EXERCISE DATA:

>>>

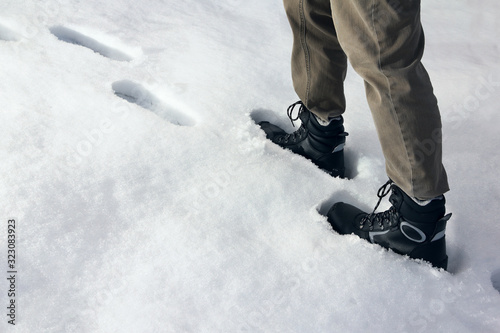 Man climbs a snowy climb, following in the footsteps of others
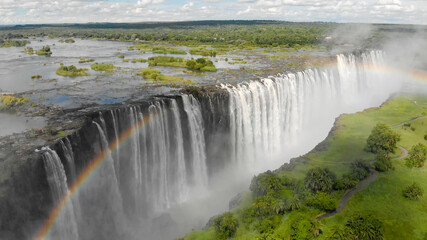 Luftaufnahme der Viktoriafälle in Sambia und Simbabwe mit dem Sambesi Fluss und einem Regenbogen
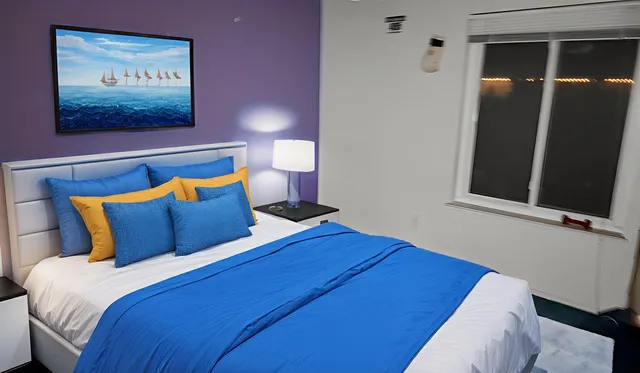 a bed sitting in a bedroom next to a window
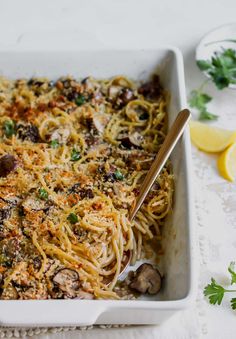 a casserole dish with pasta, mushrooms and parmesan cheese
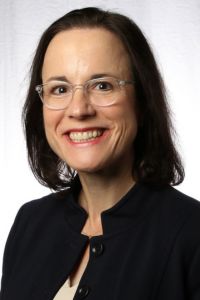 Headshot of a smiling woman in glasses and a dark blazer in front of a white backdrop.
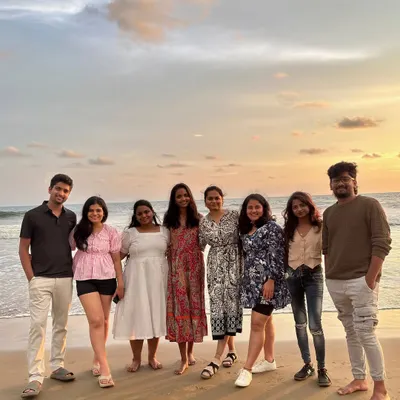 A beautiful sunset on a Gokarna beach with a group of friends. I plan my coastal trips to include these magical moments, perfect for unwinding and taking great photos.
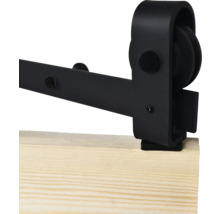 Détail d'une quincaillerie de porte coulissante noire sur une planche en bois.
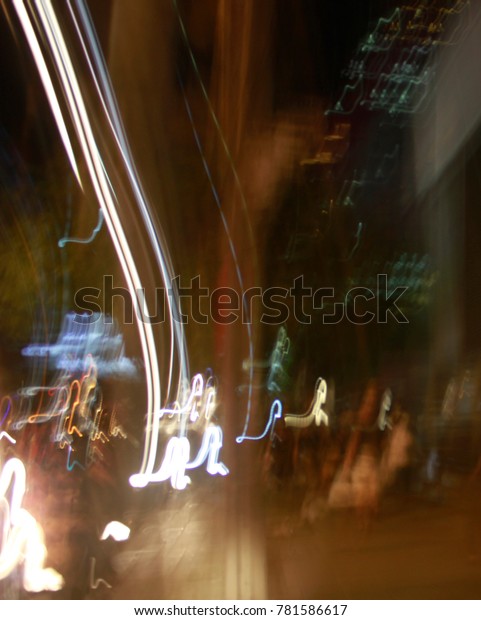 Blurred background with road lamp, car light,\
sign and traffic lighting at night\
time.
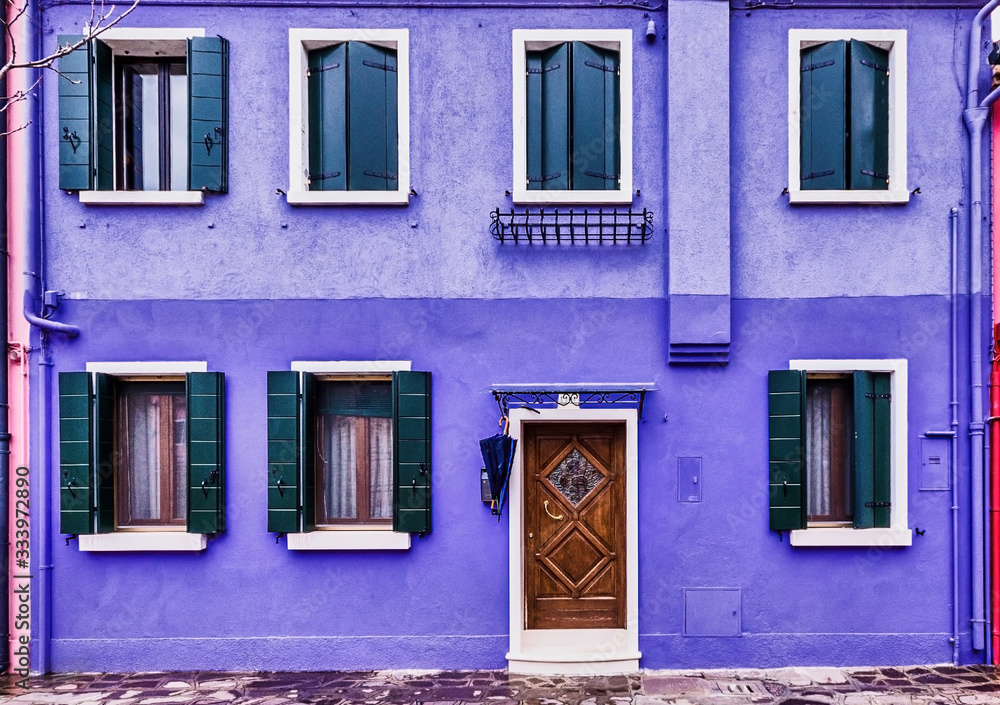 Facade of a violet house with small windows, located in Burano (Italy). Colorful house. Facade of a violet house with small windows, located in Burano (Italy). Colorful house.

<<<

ACTIVITY:
Reproduce the data above without a single change, please, but without its pictures.

WRITTEN SOLUTION:
 Man climbs a snowy climb, following in the footsteps of others
 Luftaufnahme der Viktoriafälle in Sambia und Simbabwe mit dem Sambesi Fluss und einem Regenbogen
 a bed sitting in a bedroom next to a window
 a casserole dish with pasta, mushrooms and parmesan cheese
 Headshot of a smiling woman in glasses and a dark blazer in front of a white backdrop.
 A beautiful sunset on a Gokarna beach with a group of friends. I plan my coastal trips to include these magical moments, perfect for unwinding and taking great photos.
 Détail d'une quincaillerie de porte coulissante noire sur une planche en bois.
 Blurred background with road lamp, car light,\
sign and traffic lighting at night\
time.
 Facade of a violet house with small windows, located in Burano (Italy). Colorful house. Facade of a violet house with small windows, located in Burano (Italy). Colorful house.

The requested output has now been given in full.